Provided information:

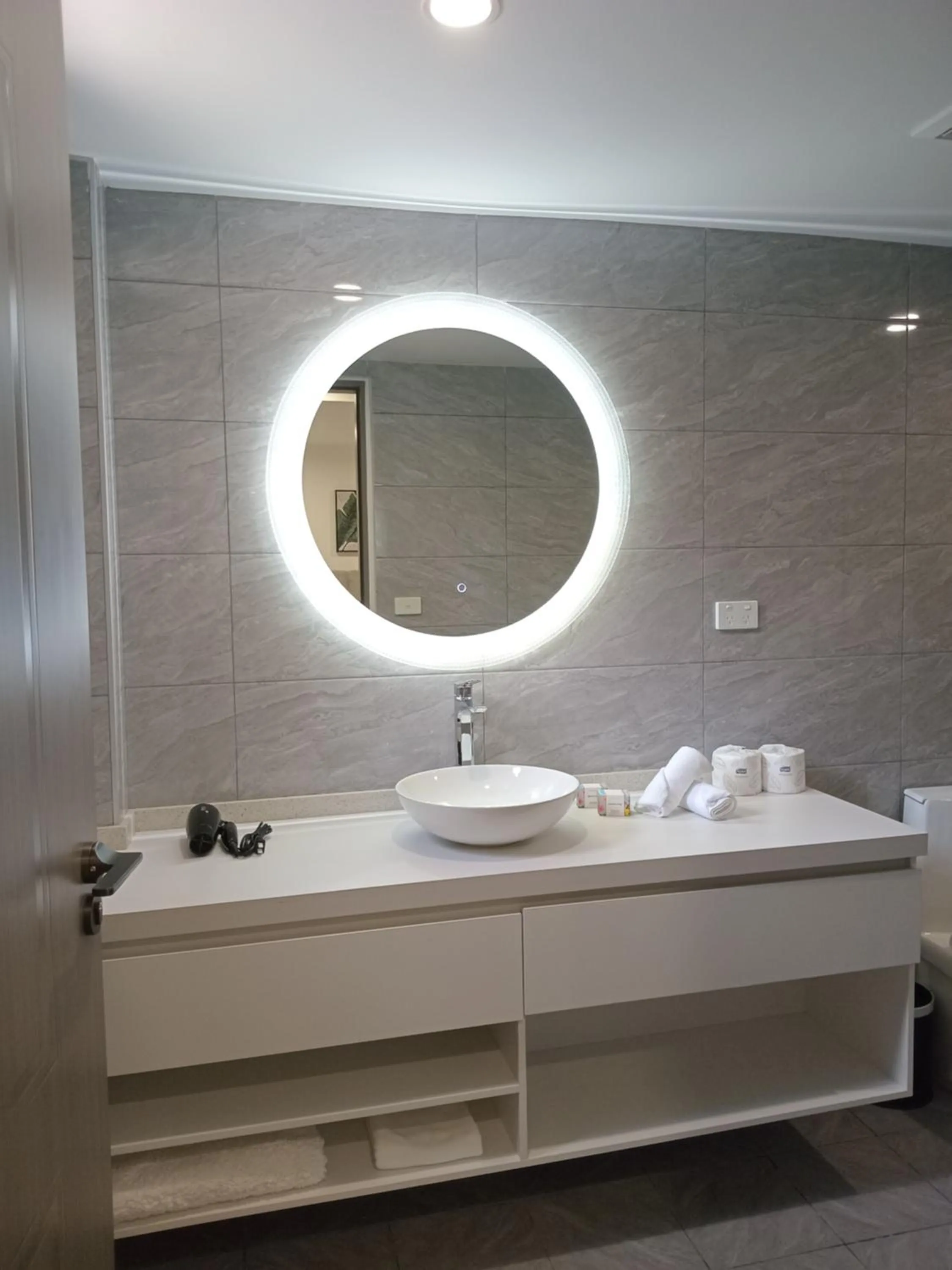 Bathroom in Hibiscus Suites And Residences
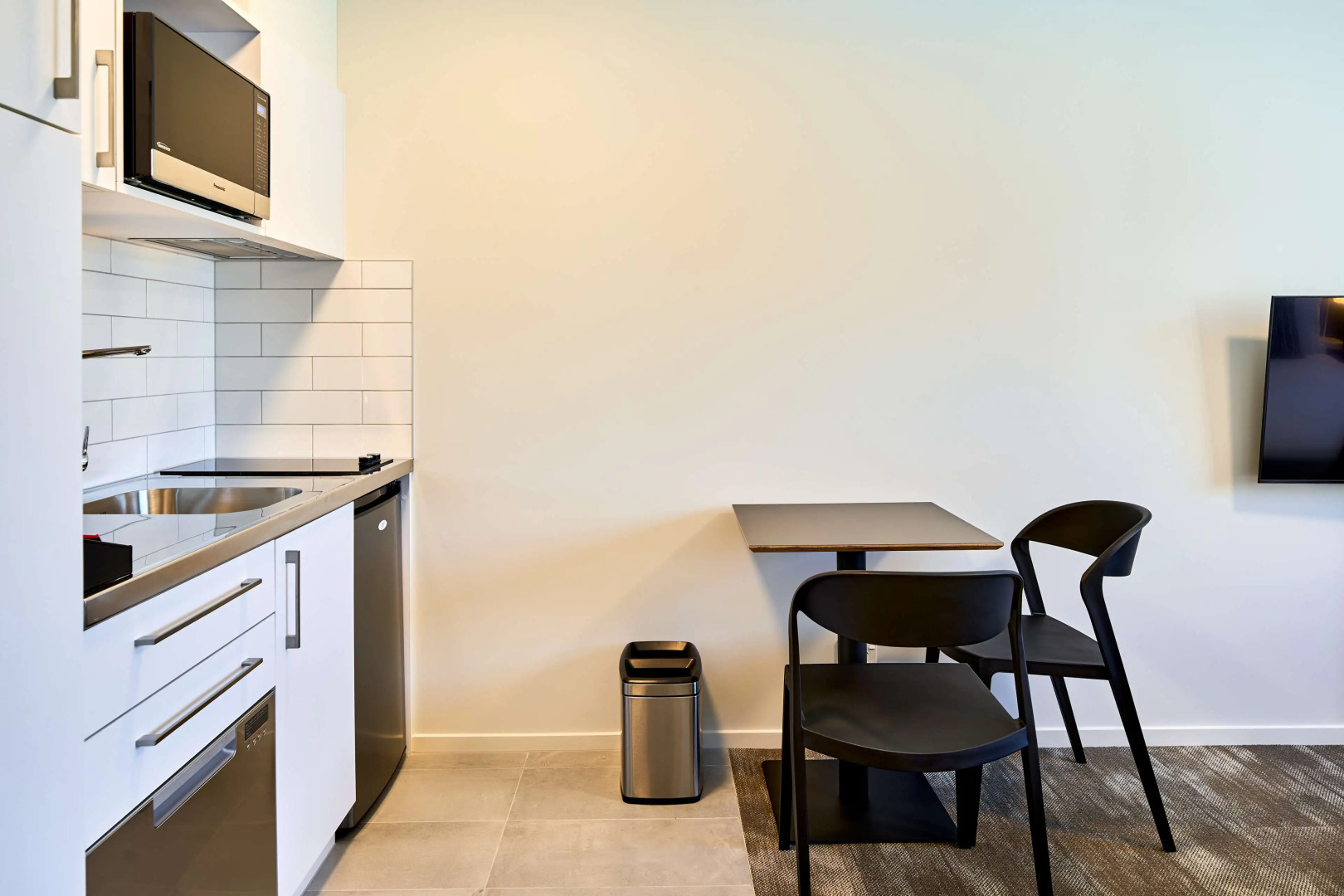 Photo - Sojourn Apartment Hotel - Ghuznee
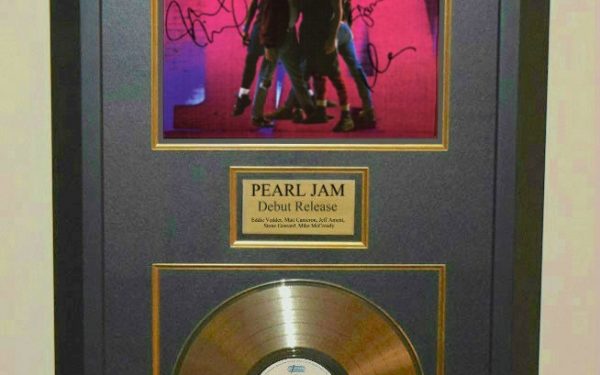 Pearl Jam – Debut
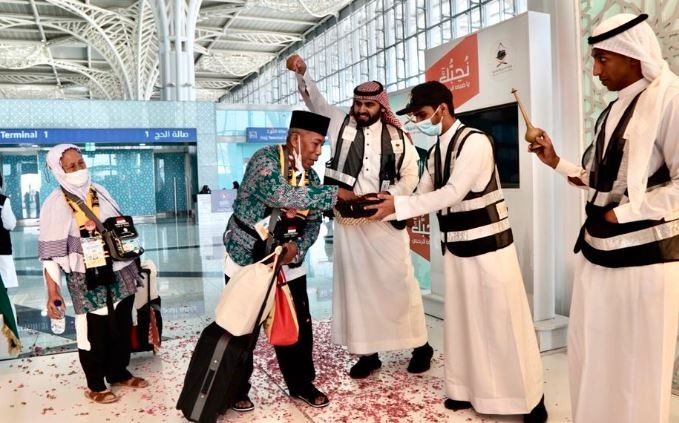 Tiba di Bandara Madinah, Jemaah Haji Jakarta Disambut Khusus Pemerintah Arab Saudi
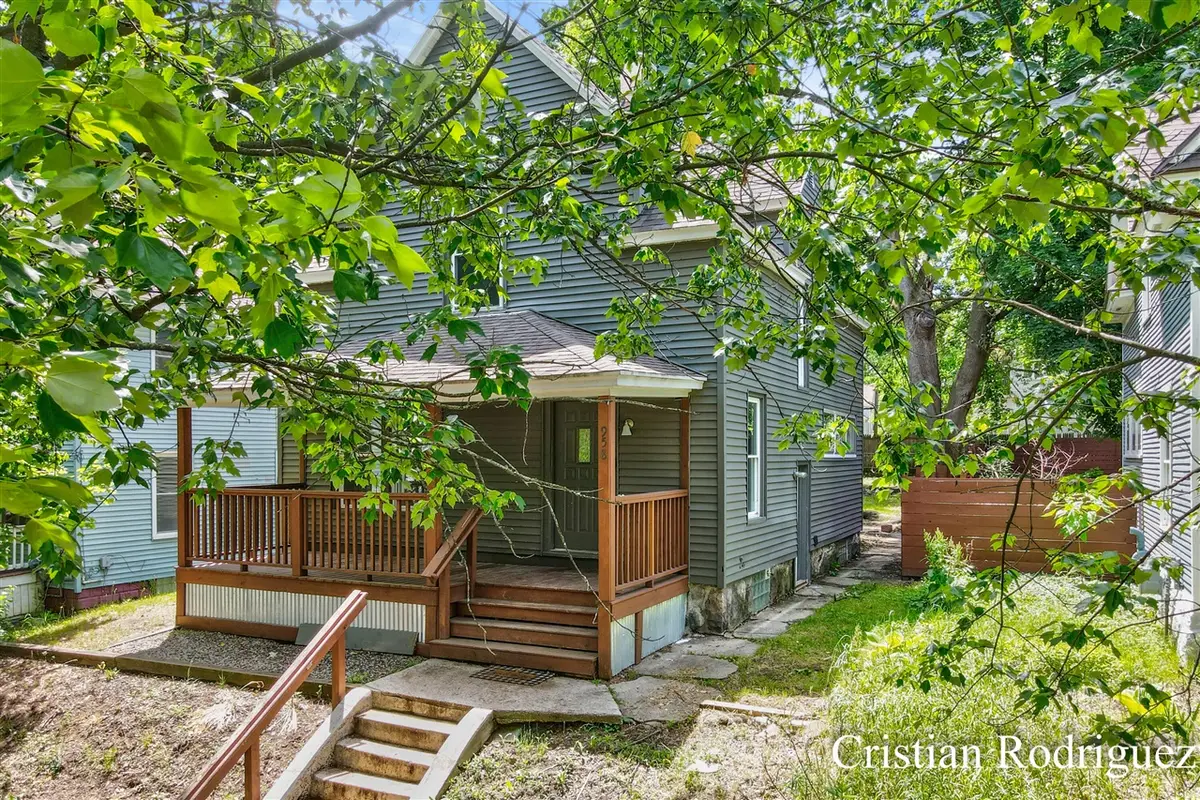 958 Dunham, Grand Rapids, MI 49506 - #1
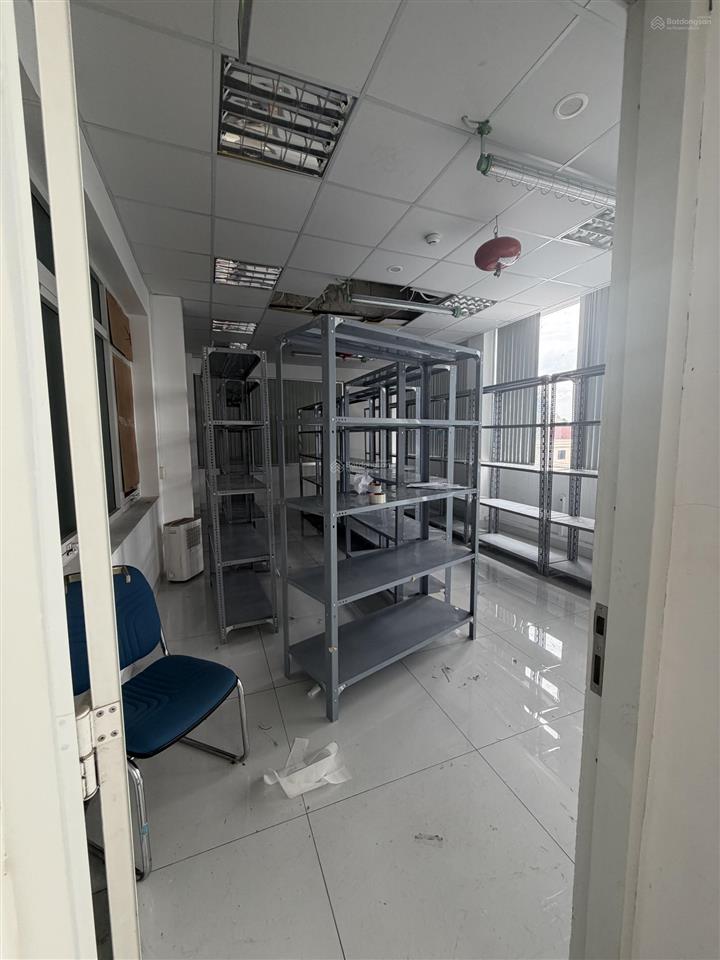 Tòa nhà 1.350m2 mặt tiền đại lộ bình dương ngay becamex tower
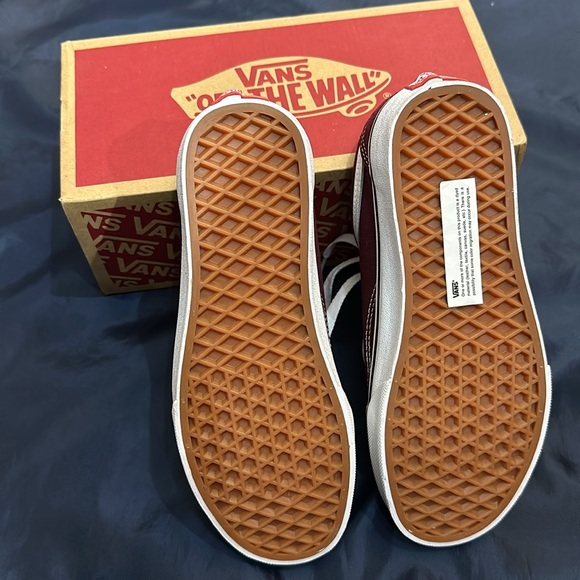 SOLD ON INSTAGRAM! NWT - Vans Old Skool - Picture 3 of 4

What you need to do:
Nothing but the lines from the line containing "Tiba di Bandara" through the end of the records belongs in the answer, written out exactly, both ends included, without pictures.

Exercise solution:
 Tiba di Bandara Madinah, Jemaah Haji Jakarta Disambut Khusus Pemerintah Arab Saudi
 958 Dunham, Grand Rapids, MI 49506 - #1
 Tòa nhà 1.350m2 mặt tiền đại lộ bình dương ngay becamex tower
 SOLD ON INSTAGRAM! NWT - Vans Old Skool - Picture 3 of 4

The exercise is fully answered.